The Mystery of Irma Vep
The Mystery of Irma Vep, which debuted in 1984, is perhaps the archetypal camp play. Camp, per Susan Sontag, privileges artifice over beauty, style over content—which holds largely true of Ludlam’s lovingly ridiculous spoof of horror movies and Gothic novels. The twist that sets Irma Vep apart from, say, the Annoyance’s lineup is a quick-change structure that enables two actors to play the myriad denizens of Mandacrest, the English manor bedeviled by all manner of monsters. The play becomes as much about the challenges it tosses to its performers as the dark secrets that Lord Edgar Hillcrest (Hellman) conceals from his new wife, Enid (Sullivan).

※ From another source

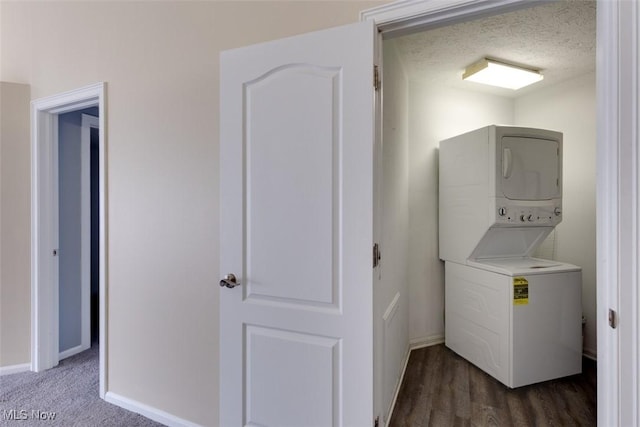 362 Village Pointe Dr, Akron, OH 44313 - washroom with dark wood-type flooring, laundry area, stacked washer and dryer, and baseboards
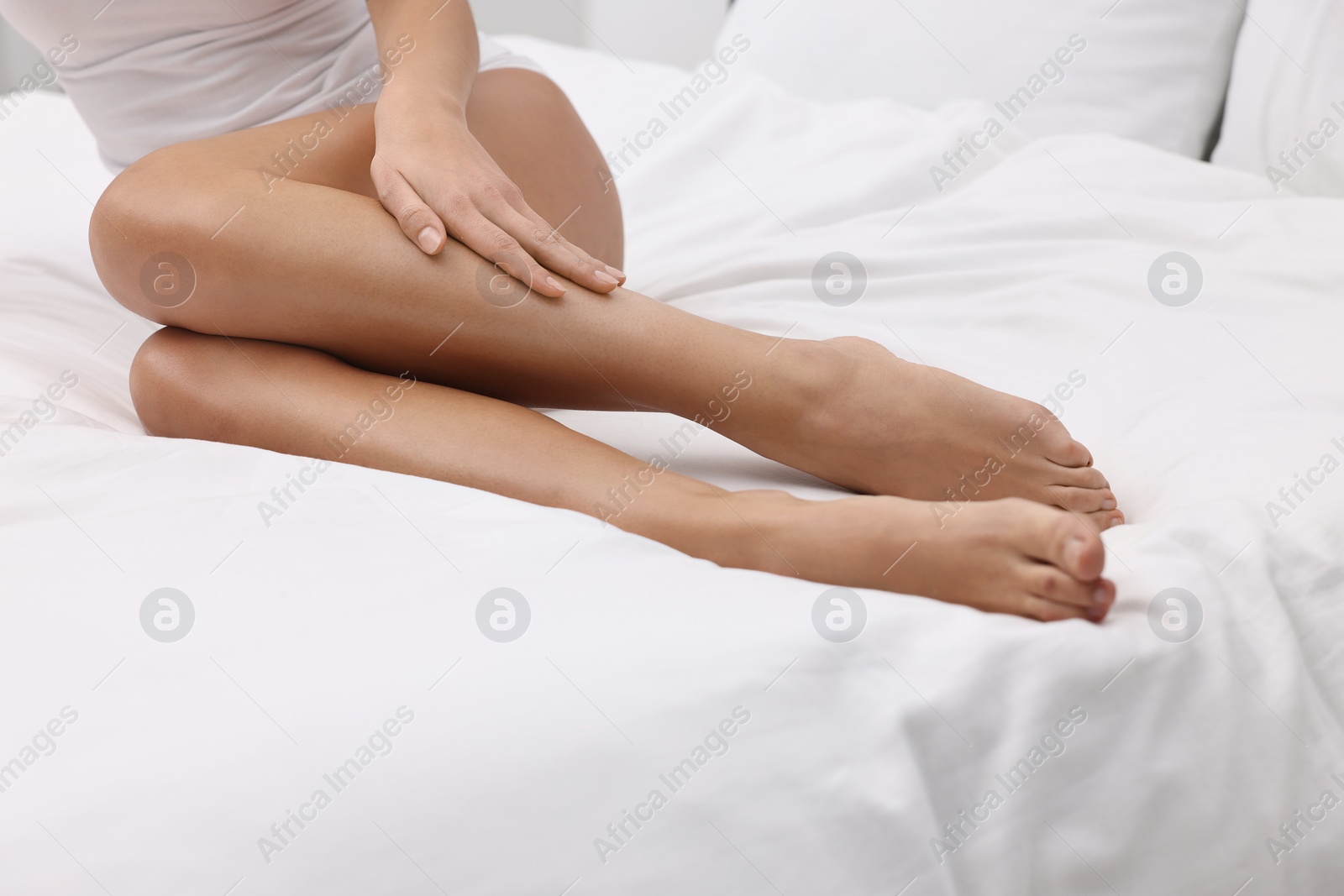 Photo of Woman with beautiful legs in bed, closeup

Those challenges are brilliantly met by this dynamic Laurel-and-Hardy pair. Sullivan, whose massive frame gives Lady Enid an almost architectural grandeur, gets the finest tour de force: He engages in a seemingly impossible back-and-forth between Enid and his other major character, the one-legged servant Nicodemus. Hellman wields a mean hatchet as the murderous maid Jane and, as pith-helmeted Lord Edgar, intrepidly plumbs the depths of Egyptology. While the first act could run at an even more manic clip, Graney directs with a steady hand. In the second act, at moments such as Enid and Jane’s strangely potent dulcimer duet, this Irma Vep achieves a sublime fascination, conveying Ludlam’s affection for his misbegotten sources. And Graney’s audacious closing move adds yet another layer of meaning to this daffily compelling play.